The demo is a little chintzy with its two characters and the price point feels a little high ($15), but the addition of online multiplayer battles means if it ever saw a price dip even into $10 I would seriously consider it. At $5 it would be a no-brainer.
Parting Shot
One thing that felt particularly strange about renting Resident Evil 5 was the process of identifying myself as a gamer in a public forum again. I tend to forget how much this process has changed in the last five or six years as my appearance has caught up with my actual age more directly such that instead of a 25-year old that people guess is more like 19 or 20, I’m a 32-year old that most people guess is 29 or 30. What this does with my youthful hobbies is identify me in retail scenarios as a potential heavy revenue source. Consider that a store clerk can infer on sight that:
- There is no way I’m below the age cap for any given game, so the entire range of their catalog is open to me without outside approval.
- At this age it is probable that I’m gainfully employed, thus have access to my own disposable income.
- It’s fairly clear that I don’t have obvious interest in putting a ton of money toward my physical appearance: I don’t wear designer clothes or carry an expensive phone or drive a pricey car. I imagine it’s a ready conclusion that I prefer to use my discretionary funds on my entertainment.

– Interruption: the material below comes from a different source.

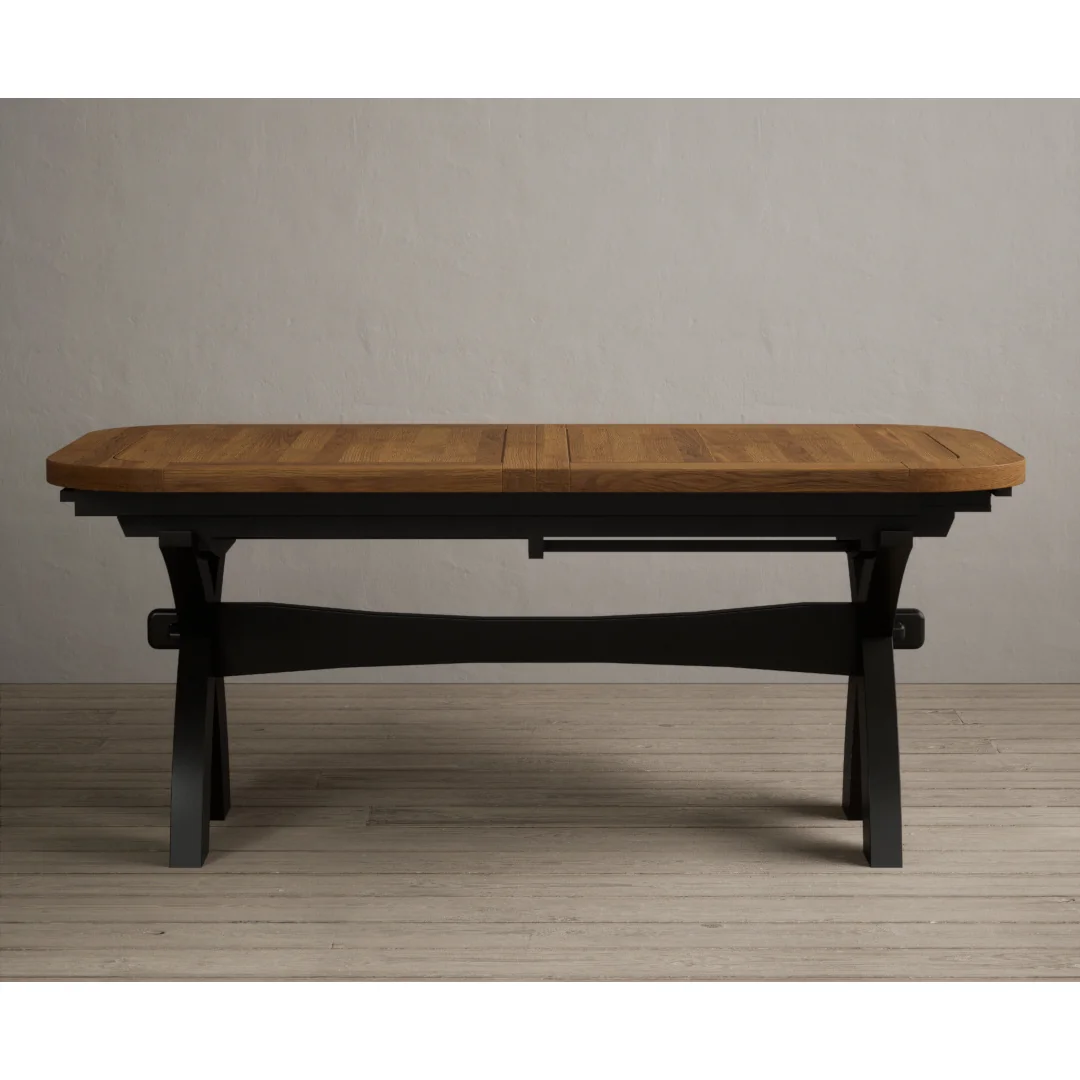 Extending Olympia 180cm Oak and Black Painted Dining Table – image 5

So for the last couple of years every hobby store, video outlet, game shop and comic dealer I visit has begun to both stumble over themselves to cater to my needs and try to offer every service, product and customer-retention method they provide regardless of how self-sufficient I try to act. I found it funny/annoying that as I perused the aisles at Hollywood video looking for a game I wanted to rent rather than wait to pick up on Goozex I was shadowed by a well-meaning but overly zealous clerk who reminded me at least four times that I could also bring in my used games from home and trade them in for both more credit than GameStop would give me and toward anything in the store including other game rentals.
She also rambled on about their tournaments and release events and pre-order policies and tried desperately to get me to tell her which game I was looking for. Cynically I assumed she wanted to get an idea of what my taste was like so she could showcase her company-mandated product knowledge by helpfully suggesting alternative titles. I found it difficult to exercise patience and avoid hollering at her that I was probably better informed on the game market than she was and I was only wandering because I was mentally calculating the odds of this $7 rental working out in my economic favor when contrasted with the price of trading for the same game on my online game swapping service of choice, playing it at my leisure and shipping it off when I was done and not at some arbitrary date and time.
I guess I should be more or less used to it at this point, but each time I exit a similar establishment I feel assaulted as though my will has been weakened somehow. Sadly the effect is not what I expect they desire: My weakened state leaves me not more prone to additional purchases or subject to their clever ploys to ensnare me as a regular customer but instead exhausted by the entire brick and mortar scene and desperate to retreat to the shelter of home-based virtual commerce. This mighty effort they exert primarily results in my growing fear of architecture.